对光学卫星定位原理进行分析可知,影响定位精度的主要因素包括轨道确定精度、姿态测量精度、结构和相机内方位元素稳定性精度(热变形)、时间同步精度和地面标定精度等多个方面,误差产生机理复杂、误差源多且难以解耦,传统方法难以建立卫星影像定位精度的变化规律模型。先前的研究已经表明,时间同步精度影响相对较小,而其他因素对定位精度均有很大影响,尤其是空间热环境变化导致的姿态测量和结构稳定性。目前,现有大多数研究集中于通过在轨定标的方式修正静轨卫星影像的定位误差。但是,由于地球静止卫星的轨道周期长,冷热交变剧烈,且平台几何结构及其材料构成复杂,现有在轨定标处理都是基于上述复杂过程的简化模型进行的,不可避免存在所用模型对空间温度变化考虑不足的问题;另一方面,通过定标的方法需要在卫星运行期间不定时的对定标参数进行修改完善,周期长,工作量大。以上这些因素的存在极大地限制了静轨卫星影像高精度定位。
发明内容
为了解决现有技术中的不足,本发明提供一种基于卫星温度和姿态误差建模的静轨卫星定位误差修正方法及装置。
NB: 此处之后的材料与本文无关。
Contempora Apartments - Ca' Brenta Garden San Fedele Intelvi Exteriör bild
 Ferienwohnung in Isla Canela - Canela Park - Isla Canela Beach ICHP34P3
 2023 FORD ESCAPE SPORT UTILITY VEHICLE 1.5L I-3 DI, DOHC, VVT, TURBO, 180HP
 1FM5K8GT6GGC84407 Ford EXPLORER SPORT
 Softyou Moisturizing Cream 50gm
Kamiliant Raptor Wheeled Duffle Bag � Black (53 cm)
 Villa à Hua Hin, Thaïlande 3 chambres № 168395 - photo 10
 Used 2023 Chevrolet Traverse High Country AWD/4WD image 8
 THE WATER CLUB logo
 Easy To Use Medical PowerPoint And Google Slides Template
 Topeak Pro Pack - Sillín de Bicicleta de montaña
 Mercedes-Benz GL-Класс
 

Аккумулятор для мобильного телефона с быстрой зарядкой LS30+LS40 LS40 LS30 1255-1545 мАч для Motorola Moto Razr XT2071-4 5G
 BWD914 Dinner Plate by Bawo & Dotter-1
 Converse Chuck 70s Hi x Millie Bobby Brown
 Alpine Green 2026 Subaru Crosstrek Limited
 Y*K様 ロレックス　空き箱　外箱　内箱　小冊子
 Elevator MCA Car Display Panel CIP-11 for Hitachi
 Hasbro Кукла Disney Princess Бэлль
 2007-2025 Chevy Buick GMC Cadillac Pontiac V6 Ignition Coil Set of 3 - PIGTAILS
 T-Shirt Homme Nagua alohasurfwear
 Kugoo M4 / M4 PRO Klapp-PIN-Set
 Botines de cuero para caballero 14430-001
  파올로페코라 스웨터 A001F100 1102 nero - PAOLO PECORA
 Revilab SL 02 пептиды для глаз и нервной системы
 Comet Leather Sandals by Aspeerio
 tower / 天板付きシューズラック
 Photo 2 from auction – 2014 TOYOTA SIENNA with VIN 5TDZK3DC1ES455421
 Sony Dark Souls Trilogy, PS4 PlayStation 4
本发明一方面提供一种基于卫星温度和姿态误差建模的静轨卫星定位误差修正方法,包括:在静轨卫星影像的覆盖区域中,提取含有陆地信息的地表模板数据;将静轨卫星影像与地表模板数据进行分块匹配,获取匹配点信息集合;利用匹配点信息集合,计算静轨卫星影像与地表模板数据之间的定位误差;获取静轨卫星影像的成像时刻在不同条件下的温差和姿态信息,根据温差、姿态信息和定位误差,构建静轨卫星影像定位误差修正模型;根据静轨卫星影像数据,对静轨卫星影像定位误差修正模型进行训练和测试,得到最优参数集;基于静轨卫星影像定位误差修正模型和最优参数集,对待修正静轨卫星影像的定位误差进行修正。
根据本发明的实施例,在静轨卫星影像的覆盖区域中,提取含有陆地信息的地表模板数据,包括:根据静轨卫星影像的覆盖区域的经纬度范围,从历史参考影像数据中提取经纬度范围对应的参考影像数据;根据全球海陆分割模板,得到经纬度范围对应的海陆分割模板数据;利用海陆分割模板数据,提取得到静轨卫星影像的地表模板数据。
根据本发明的实施例,在静轨卫星影像的覆盖区域中,提取含有陆地信息的地表模板数据之后,静轨卫星定位误差修正方法还包括:计算地表模板数据与静轨卫星影像的重叠区域的比值,通过比较比值与预设值的大小确定地表模板数据的有效性。
根据本发明的实施例,预设值的大小为0.25,当比值大于或等于0.25时,地表模板数据有效。
根据本发明的实施例,将静轨卫星影像与地表模板数据进行分块匹配,获取匹配点信息集合,包括:根据静轨卫星影像的地面采样间隔对地表模板数据进行重采样,得到重采样后的地表模板数据;采用归一化互相关算法,将分块处理后的静轨卫星影像与重采样后的地表模板数据进行匹配,得到静轨卫星影像和地表模板数据之间的像方匹配点坐标对;根据仿射变换六参数模型,将像方匹配点坐标对转换为物方匹配点坐标对,得到匹配点信息集合。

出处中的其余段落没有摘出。